It’s that time of the year again when transfers are huffing around like lost, overgrown children through the cold and stairs, some friends from the start of the year have dropped off the grid, and you’re probably torn between buying books or food or having a life outside of campus (aka booze). It’s the start of a new semester, so it MUST be the perfect time to try something new or better yourself! This is YOUR semester, Niner Nation, and because we know how hard it can be to find a feasible resolution, here are some suggestions to slay this semester.
5.) Go to the gym approximately twice a semester:
New semester, new you! A new, more fit you! But who has time for an actual gym routine? This semester, make sure to stop by the newly renovated Belk Gym like two or three times for that little ego boost you need. It’s what’s on the inside that counts.
Maybe somebody will just happen to ask you about your day right after you’re coming back from that “brisk” treadmill walk. Then you can proudly say, “Oh, it was okay. I stopped by the gym this morning but it’s no big deal.” OH BUT IT IS. It’s a very big deal. Did you just twerk for 30 minutes in that Zumba class? We count it. Was that your ~second~ trip to the gym already? Resolution = met. Go you!
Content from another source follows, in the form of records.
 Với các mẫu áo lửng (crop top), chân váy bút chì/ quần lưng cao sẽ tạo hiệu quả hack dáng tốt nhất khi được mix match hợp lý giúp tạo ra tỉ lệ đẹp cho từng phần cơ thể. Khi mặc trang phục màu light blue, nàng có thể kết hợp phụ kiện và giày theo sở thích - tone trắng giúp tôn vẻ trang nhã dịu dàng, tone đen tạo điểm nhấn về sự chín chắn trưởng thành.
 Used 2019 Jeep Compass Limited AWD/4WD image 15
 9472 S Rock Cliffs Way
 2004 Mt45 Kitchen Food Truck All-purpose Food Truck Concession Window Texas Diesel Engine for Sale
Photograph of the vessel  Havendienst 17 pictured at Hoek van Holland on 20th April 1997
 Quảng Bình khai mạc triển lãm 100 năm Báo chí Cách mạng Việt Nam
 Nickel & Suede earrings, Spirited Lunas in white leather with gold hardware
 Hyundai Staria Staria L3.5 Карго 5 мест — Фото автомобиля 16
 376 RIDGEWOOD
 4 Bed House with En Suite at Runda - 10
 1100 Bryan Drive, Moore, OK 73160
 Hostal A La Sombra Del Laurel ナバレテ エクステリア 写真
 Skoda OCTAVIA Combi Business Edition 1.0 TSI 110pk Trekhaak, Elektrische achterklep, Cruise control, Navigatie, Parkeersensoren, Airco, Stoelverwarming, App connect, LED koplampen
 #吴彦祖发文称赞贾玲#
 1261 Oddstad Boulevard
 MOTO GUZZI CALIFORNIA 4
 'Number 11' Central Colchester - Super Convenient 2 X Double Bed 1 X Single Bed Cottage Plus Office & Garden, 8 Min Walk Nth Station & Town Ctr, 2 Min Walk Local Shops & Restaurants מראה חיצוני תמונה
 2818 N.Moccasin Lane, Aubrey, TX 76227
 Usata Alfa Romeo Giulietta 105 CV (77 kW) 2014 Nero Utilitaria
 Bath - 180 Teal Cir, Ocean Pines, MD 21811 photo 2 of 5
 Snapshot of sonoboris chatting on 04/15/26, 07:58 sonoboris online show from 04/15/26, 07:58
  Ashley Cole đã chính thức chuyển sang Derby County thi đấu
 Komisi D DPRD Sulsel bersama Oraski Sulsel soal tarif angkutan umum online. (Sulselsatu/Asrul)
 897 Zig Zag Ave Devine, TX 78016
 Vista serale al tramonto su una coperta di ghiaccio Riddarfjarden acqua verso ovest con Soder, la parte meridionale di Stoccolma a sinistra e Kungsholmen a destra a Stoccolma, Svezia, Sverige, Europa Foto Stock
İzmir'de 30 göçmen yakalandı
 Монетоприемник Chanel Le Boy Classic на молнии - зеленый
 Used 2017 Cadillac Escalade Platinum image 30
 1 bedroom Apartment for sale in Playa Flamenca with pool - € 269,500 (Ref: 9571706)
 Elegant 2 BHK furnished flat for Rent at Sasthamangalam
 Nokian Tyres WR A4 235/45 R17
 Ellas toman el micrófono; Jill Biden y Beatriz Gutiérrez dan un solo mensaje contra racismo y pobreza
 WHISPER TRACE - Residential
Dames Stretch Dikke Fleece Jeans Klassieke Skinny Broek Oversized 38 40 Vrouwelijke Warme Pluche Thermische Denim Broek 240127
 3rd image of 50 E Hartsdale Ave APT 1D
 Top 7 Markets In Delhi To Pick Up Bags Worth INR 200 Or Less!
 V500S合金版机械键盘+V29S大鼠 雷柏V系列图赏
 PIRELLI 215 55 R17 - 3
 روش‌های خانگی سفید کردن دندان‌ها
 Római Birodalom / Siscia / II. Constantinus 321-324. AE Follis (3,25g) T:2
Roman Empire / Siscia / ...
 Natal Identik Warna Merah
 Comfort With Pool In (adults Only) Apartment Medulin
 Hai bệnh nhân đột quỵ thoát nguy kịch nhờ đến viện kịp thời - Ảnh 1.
4.) Become BFF’s with Greg Olsen’s brother:
Having a vague resolution like “make new friends!” is daunting — at least have a clear end goal in sight. If you don’t know who Greg Olsen is, he’s the Panther’s star tight end. His little bro, Kevin Olsen, is transferring to UNCC to play for the 49ers football team this semester, so you should maybe try to be friends with him as some lame claim to fame. But, maybe he’s a cool guy and you’ll form a real friendship that will last years with endless and irreplaceable memories, regardless of the baggage he might be bringing with him. Maybe you’ll get to meet the Panthers! Or maybe you’ll get to meet the Dean of Students for stalking. That’s cool too. (We ship you, though.)
3.) Drink to the memory of Belk Tower only 3 times a day:
Try to make it a personal goal to only ugly cry and drink when you think about our long lost monument a maximum of three times a day. Anything more than that is excessive, but understandable. We’re here for you. It’s a terrible loss. Belk Tower may be gone forever, but we’re sure Chancellor Dubois will find something as tacky as the Atkins carpet to replace it. Regardless, it’ll never be the same (especially since we have to walk all the way around the fences in the winter elements to get to class)… RIP, you phallic campus norm.
2.) Kill it on Yik Yak:
UNCC has a thriving community on the Yik Yak app, so make it your goal to make someone laugh, smile, cry, or vomit profusely at your carefully crafted posts this semester. Talk about your last relationship or maybe something funny you saw at Prospector. Rant about Pastor Gary. Complain about Crown or PATS or our Chemistry department. Those are usually pretty popular. Take a picture of a goose. Take a picture of the sunset… five times. Take a picture of segway guy, Michael Jackson Carrot Top, shirtless black guy, or unicycle guy. Any of these will work. Be more concerned over your yak karma and upvotes than your GPA, and you’ll be Yik Yak famous in no time!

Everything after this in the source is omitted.